### Work required
Please return only the lines from the one holding "Micro-ondes multifonctions LG MJ 3965 BIB" through the one holding "CHARC N° 48", exactly as they appear in the records below, both ends included.

[[ Extracted entries, beginning ]]

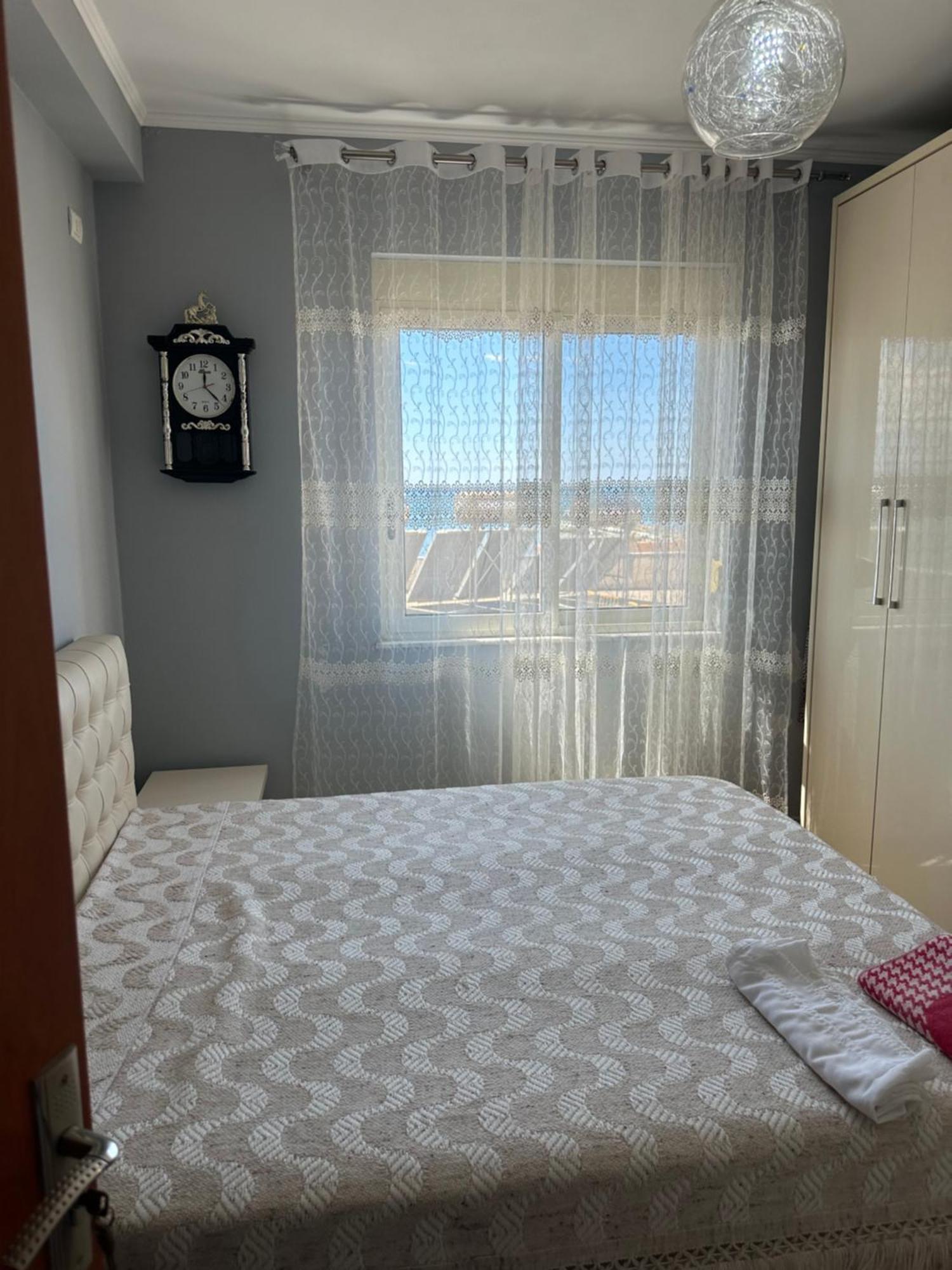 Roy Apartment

[[ Extracted entries, end ]]
[[ Extracted entries, beginning ]]

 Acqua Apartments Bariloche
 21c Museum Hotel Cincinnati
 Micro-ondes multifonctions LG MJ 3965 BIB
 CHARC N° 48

[[ Extracted entries, end ]]
[[ Extracted entries, beginning ]]

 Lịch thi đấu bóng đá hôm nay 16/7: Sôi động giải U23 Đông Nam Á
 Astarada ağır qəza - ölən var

[[ Extracted entries, end ]]

### Answer to this exercise
 Micro-ondes multifonctions LG MJ 3965 BIB
 CHARC N° 48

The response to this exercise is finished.